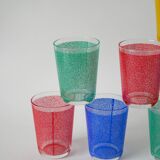 Ensemble de 8 verres à eau, rouge, vert, jaune et bleu, 1970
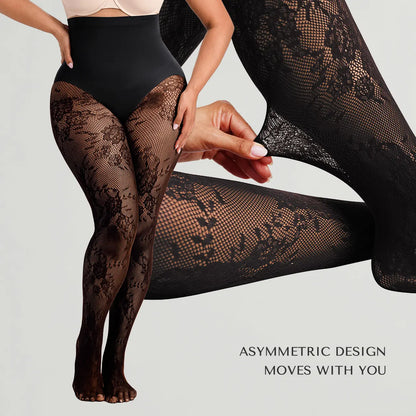Women‘s High-Waist Shaping Tights with Floral Lace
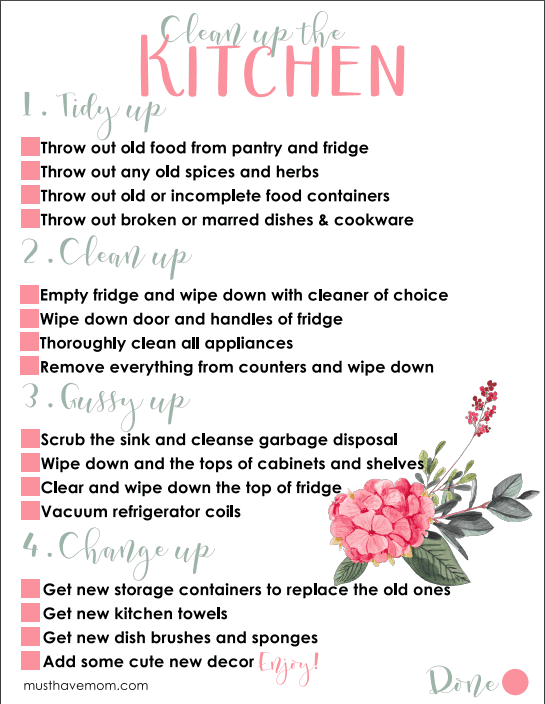 spring cleaning checklist for kitchen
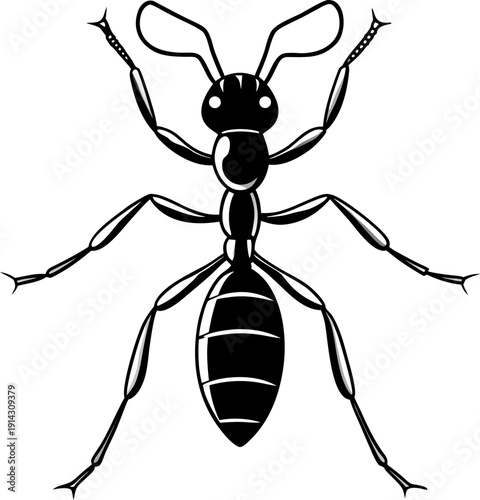 A detailed, photorealistic image of a single ant is displayed against a pure white background. The ant is depicted in sharp focus, showcasing its intricate exoskeleton details. It is positioned at a s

EXERCISE AIM - Could you repeat the data exactly, omitting its pictures?

TASK SOLUTION -
 Ensemble de 8 verres à eau, rouge, vert, jaune et bleu, 1970
Women‘s High-Waist Shaping Tights with Floral Lace
 spring cleaning checklist for kitchen
 A detailed, photorealistic image of a single ant is displayed against a pure white background. The ant is depicted in sharp focus, showcasing its intricate exoskeleton details. It is positioned at a s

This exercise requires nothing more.